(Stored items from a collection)
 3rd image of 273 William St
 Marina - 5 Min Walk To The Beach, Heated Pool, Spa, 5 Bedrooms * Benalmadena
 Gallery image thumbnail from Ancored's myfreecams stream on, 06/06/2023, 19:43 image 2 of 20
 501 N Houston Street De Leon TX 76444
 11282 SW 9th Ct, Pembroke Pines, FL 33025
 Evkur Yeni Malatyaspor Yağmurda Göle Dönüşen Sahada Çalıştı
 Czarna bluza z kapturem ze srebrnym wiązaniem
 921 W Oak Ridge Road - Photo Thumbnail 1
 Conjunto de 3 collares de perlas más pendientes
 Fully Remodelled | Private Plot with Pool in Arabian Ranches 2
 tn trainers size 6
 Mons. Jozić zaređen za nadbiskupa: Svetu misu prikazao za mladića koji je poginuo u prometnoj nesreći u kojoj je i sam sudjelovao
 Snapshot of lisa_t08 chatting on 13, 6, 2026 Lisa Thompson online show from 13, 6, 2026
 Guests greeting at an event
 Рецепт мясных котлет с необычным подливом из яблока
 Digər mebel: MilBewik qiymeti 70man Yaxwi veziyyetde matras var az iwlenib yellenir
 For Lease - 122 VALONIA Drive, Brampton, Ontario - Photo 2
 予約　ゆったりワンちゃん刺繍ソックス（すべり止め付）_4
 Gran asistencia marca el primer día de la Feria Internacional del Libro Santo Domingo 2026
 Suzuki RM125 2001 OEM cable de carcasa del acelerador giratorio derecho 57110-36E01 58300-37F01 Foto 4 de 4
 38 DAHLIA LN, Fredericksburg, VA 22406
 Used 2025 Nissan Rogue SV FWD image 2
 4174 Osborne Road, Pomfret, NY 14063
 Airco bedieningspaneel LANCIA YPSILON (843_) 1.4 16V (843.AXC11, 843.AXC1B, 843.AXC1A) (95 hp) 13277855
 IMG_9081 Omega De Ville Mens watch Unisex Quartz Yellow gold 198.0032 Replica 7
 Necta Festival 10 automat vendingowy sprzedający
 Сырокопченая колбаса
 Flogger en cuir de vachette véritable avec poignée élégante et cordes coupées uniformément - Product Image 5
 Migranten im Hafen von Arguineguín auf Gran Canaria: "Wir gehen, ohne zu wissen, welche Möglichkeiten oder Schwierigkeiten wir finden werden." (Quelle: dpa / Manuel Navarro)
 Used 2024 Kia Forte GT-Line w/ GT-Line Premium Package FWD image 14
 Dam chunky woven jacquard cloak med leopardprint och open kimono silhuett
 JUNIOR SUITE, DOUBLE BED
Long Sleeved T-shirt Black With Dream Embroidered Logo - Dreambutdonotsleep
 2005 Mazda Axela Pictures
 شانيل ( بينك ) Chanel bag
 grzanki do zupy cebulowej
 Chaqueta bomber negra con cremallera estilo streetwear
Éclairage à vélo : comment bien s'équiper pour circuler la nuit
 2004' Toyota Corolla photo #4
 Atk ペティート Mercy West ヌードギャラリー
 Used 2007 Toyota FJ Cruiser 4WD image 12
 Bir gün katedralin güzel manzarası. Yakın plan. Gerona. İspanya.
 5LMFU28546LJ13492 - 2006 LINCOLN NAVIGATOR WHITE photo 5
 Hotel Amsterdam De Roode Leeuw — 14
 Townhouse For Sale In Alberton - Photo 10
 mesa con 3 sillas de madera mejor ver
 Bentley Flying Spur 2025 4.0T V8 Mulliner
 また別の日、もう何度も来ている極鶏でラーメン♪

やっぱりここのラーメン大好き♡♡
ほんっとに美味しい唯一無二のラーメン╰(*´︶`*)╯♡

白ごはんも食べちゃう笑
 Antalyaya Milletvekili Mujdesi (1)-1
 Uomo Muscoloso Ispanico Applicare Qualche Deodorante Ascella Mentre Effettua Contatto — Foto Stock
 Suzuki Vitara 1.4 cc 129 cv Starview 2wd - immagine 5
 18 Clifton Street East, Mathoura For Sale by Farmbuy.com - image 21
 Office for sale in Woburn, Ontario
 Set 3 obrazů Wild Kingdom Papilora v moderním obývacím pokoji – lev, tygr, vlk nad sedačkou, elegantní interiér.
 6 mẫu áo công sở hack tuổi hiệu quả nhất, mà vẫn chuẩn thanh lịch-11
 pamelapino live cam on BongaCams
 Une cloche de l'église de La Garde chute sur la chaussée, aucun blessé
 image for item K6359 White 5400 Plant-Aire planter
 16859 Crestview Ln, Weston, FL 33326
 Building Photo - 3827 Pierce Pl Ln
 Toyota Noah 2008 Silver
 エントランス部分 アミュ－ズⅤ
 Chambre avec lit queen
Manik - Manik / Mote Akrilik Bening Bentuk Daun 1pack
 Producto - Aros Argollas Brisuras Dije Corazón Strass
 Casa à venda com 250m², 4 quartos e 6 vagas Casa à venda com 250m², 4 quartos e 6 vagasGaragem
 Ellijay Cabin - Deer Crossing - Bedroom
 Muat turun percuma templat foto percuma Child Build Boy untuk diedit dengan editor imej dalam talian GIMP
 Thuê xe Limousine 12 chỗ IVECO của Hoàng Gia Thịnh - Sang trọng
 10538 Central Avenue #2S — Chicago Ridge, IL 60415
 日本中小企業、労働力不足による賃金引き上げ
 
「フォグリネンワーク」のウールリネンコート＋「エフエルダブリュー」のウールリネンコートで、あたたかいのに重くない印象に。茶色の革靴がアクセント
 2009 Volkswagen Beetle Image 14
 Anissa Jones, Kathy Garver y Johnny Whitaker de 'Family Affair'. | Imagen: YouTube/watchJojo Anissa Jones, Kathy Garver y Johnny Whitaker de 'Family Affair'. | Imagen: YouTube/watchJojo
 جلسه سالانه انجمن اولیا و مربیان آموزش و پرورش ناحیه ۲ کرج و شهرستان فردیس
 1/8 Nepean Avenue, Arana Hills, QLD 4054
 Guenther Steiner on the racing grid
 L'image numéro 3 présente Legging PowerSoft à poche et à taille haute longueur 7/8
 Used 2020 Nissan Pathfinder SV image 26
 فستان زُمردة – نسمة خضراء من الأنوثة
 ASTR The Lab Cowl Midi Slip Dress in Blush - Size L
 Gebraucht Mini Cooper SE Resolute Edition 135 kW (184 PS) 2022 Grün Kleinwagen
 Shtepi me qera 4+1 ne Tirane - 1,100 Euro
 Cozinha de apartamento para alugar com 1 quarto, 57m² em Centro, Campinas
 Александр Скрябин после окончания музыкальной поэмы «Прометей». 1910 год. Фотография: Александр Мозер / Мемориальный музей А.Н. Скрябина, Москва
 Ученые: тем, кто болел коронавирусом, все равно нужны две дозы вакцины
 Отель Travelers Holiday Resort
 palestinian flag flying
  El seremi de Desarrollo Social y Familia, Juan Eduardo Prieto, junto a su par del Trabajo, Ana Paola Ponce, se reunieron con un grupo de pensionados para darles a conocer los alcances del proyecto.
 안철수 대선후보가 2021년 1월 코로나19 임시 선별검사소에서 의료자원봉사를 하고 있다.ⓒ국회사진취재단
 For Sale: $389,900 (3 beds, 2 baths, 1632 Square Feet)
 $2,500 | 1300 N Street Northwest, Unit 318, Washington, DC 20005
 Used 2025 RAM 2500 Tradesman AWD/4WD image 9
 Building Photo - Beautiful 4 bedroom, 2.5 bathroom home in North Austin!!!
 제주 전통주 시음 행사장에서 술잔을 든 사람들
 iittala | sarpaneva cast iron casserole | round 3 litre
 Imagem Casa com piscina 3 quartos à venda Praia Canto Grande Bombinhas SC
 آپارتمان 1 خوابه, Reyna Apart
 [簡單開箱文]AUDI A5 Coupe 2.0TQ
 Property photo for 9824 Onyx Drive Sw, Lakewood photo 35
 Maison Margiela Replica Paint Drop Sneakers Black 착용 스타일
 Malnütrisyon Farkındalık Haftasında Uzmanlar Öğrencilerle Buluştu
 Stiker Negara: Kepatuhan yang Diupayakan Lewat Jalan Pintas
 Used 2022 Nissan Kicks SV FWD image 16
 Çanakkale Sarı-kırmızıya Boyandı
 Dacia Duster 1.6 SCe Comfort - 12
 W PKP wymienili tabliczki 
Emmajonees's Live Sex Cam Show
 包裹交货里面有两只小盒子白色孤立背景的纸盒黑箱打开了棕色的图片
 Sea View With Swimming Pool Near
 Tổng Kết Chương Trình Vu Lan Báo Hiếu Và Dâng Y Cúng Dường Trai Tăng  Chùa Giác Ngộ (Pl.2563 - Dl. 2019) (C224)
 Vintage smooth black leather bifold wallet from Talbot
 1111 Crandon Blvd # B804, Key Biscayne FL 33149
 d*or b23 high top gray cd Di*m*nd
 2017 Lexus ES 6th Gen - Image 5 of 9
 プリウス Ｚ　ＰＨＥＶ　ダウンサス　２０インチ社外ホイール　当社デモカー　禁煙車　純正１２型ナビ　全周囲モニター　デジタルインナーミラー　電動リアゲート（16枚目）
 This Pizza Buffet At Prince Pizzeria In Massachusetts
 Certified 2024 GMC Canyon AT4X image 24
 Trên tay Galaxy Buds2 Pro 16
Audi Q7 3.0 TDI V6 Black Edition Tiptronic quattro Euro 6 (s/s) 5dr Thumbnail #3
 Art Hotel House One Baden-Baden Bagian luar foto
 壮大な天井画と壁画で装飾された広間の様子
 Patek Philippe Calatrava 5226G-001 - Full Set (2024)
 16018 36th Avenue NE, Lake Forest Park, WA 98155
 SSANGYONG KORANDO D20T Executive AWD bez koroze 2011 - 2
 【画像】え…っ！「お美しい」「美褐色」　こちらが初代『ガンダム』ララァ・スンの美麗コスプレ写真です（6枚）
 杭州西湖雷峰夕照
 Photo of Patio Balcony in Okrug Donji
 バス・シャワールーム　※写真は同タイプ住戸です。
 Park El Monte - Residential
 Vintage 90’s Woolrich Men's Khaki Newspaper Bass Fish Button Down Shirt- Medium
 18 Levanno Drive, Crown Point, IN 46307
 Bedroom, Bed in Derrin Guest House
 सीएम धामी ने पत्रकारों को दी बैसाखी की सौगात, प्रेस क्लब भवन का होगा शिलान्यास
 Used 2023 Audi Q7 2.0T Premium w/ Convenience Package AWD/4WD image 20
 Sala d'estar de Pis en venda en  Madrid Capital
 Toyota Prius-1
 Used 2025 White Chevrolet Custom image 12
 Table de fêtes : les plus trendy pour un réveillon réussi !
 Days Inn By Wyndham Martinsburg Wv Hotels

=== ABOUT THIS EXERCISE ===
Lines that contain "quartos" are the result; find them in the entries above and copy each one.

=== EXPECTED ANSWER ===
 Casa à venda com 250m², 4 quartos e 6 vagas Casa à venda com 250m², 4 quartos e 6 vagasGaragem
 Imagem Casa com piscina 3 quartos à venda Praia Canto Grande Bombinhas SC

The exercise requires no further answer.